Sydney wraps her arms around her knees and rests her chin atop them. “I don’t know what to do. I’m supposed to find this one, true religion, but I feel like I’ll get torn apart if I leave the church. And I doubt I can ask too many spirits in here.”
The man nods in Syd’s peripheral. “That’s true—there’s very few spirits that pass through here. In fact, I think I’ve been the only one in the past decade or more.”
“And how’d you die?” Syd asks, turning her head to watch him. The man has a strong profile even with some residual baby fat in his cheeks. He smoothes out his robe, fingering the gold thread on the outside seams.
“I didn’t die,” he says. Then he looks at her and Syd sees the cool fire in his eyes—one that burns so hot it’s sapphire. Fear strikes her like a hot iron plunged into chilled water. “I’m an Angel, Sydney.”
“Wouldn’t happen to be my guardian angel, would you?” Sydney forces out past the lump in her throat. God, this divine fear was no joke. If she had been a shepherd she would have said ‘nope, I’ll pass on the baby viewing. In fact, I’ll hide from you for eternity’
The Angel shakes his head.
“Thought as much,” Sydney huffs, relaxing marginally. “So do you know the one, true religion?”
“Christianity,” he says without pause. Sydney looks at him suddenly, stunned by his candor and that the truth had just been literally handed to her on a blue-eyed, dark-haired, feathery-winged platter. It was unexpected, but very welcome. The angel only shrugs. “The other religions exist in the realm of the true one. There’s many circles of Hell. Many things to take you there. I’m afraid, though, there’s only one heaven.”
“But if I believe in Christianity, I can get there?” Syd asks excitedly. Suddenly the pall of fear has dropped away and she’s a little five year old with the promise of candy being wagged in her face. “I can go to heaven right?”
The Angel smiles. “You can go to heaven, but” and he pauses, which lets Sydney neatly tumble down from her euphoria to the rocky floor of reality, “but it’s more than just knowing the one, true religion. It’s believing Sydney.”
She scoffs. “well I believe.”
“Do you know the story of Thomas? How he wouldn’t believe Jesus was crucified until he saw the holes in his hands?” Sydney nods, vaguely remembering that. “It’s more than that, too. Thomas had made belief in his life and it just needed that last push.
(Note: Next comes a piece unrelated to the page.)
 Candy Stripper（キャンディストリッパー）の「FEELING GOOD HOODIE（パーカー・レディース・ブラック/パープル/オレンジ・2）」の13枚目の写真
You can’t work backwards, Syd, what you’ve done so far should have taught you that.”
It all comes rushing into brilliance. The fact that she couldn’t go back to death. The fact she couldn’t go back to the doors. There was no working backwards. Only going forwards. Trapped in a church, Sydney doubts she can go very far forward at all anymore.
The angel takes a deep breath. “you need to form your beliefs, really, truly believe. And I mean in more than Nutella. And if you come to the conclusion of Christianity,” the angel advises, “you know where to find me.”
He reaches a hand forward and touches her forehead. “You can’t just have the belief,” he whispers, “It has to be a part of you. Not some facebook update. Not some t-shirt proclamation. It’s you, that simple.”
When he pulls his hand away, Syd sees blinding light. It somewhat reminds her of the light before she entered Life’s office, but this one is warmer. It’s white hot even and Syd almost feels as if she’s going to burn alive as she passes through it.
But then she comes out, the other side, awake and on her bed. Her father is in the doorway with a cup of coffee in his hand.
“I tried to wake you, but you sleep like the dead,” he comments and leaves, probably to get more coffee.
Syd breaks down into hysterical laughter because, quite honestly, her dad was dead-on.